How did so many Nazi criminals escape?
The German infrastructure of railroads, highways, air routes and canals was in total shambles by early 1945, making even legitimate travel problematic. Allied troops occupied major travel hubs, and security by frontline troops and military police scrutinized the documents of any Germans attempting to travel, either those fleeing from the war or those few still attempting to go about their legitimate business. Europe was clamped down as tight as a drum, yet hundreds of Nazi officials, escaping war criminals, SS Officers, and more managed to escape the continent of Europe and find sanctuary in South America.
Ratlines were established and operational even before the war came to an end, providing a pipeline for escaping Nazis to Argentina, where they were welcomed by Juan Peron, and to other safe-havens. Two main routes were established, through Franco’s Spain and through Italy via Rome and Genoa. Initially independent of each other, they eventually came to work together. Both received the support of the Catholic Church at the destination points and along the routes.
Within a year of the war’s end in Europe, Spain was littered with thousands of former Nazis, including several hundred being sought by authorities for war crimes, and efforts by the US State Department to obtain the support of the Vatican turning them over to the United States were futile. From Spain, these refugees traveled to South America with the covert assistance of the Catholic bureaucracy in Spain, Portugal, and Argentina, including Argentine Cardinal Antonio Caggiano.
In Italy, the Vatican Secretariat of State established a liaison in the winter of 1944 to support the German interns in Italy, in the form of Bishop Alois Hudal, the rector of a seminary for Austrian and German priests in Rome. Through this liaison office, numerous Nazi war criminals received the credentials necessary to legally travel to South American countries, where they were welcomed as Catholic immigrants. Some of the war criminals who escaped via this route were Franz Stengl, the former commanding officer of the Treblinka death camp, Gustav Wagner, commandant of Sobibor, and the infamous Adolf Eichmann.

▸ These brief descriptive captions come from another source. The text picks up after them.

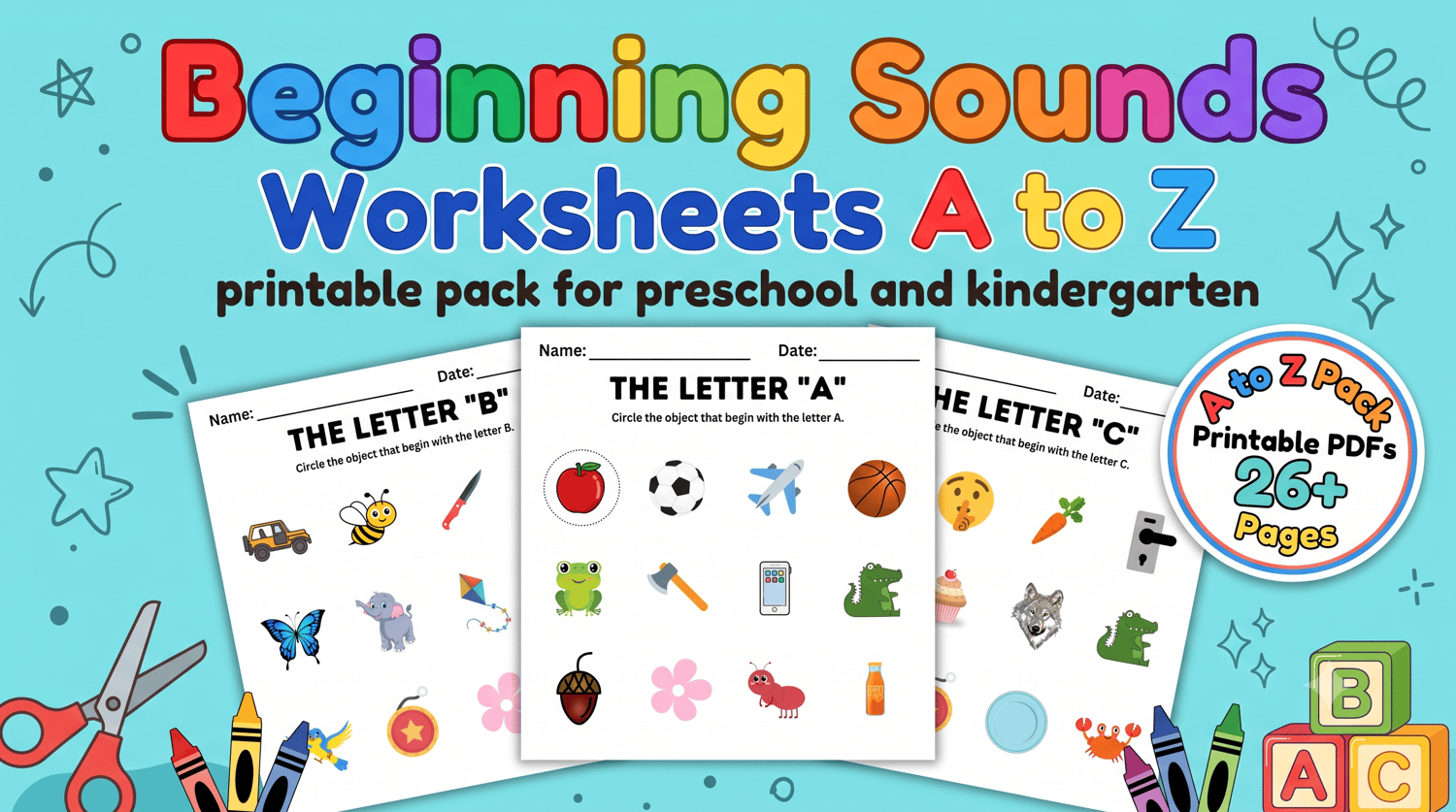 Beginning sounds worksheets A to Z printable pack for preschool and kindergarten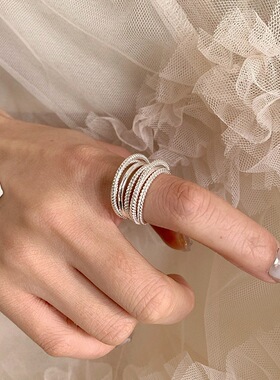 简约多层几何线条戒指女简约冷淡风宽边时尚开口指环网红食指戒潮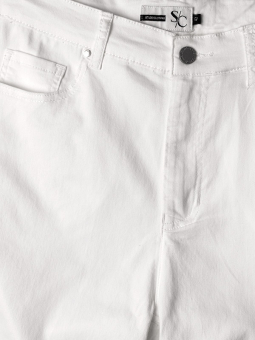 Studio FINA - Hvide capri bukser i strækbar denim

By 1947 and through at least 1950 the United States Army, through its own and other intelligence services, was actively working with these and other ratlines for the purpose of evaluating suspected Nazi war criminals rather than handing them over to the Russians for trial. Faced with the potential embarrassment of holding prisoners wanted by the Russians, the US Army allowed them to evacuate Europe via the ratlines, often with overt assistance.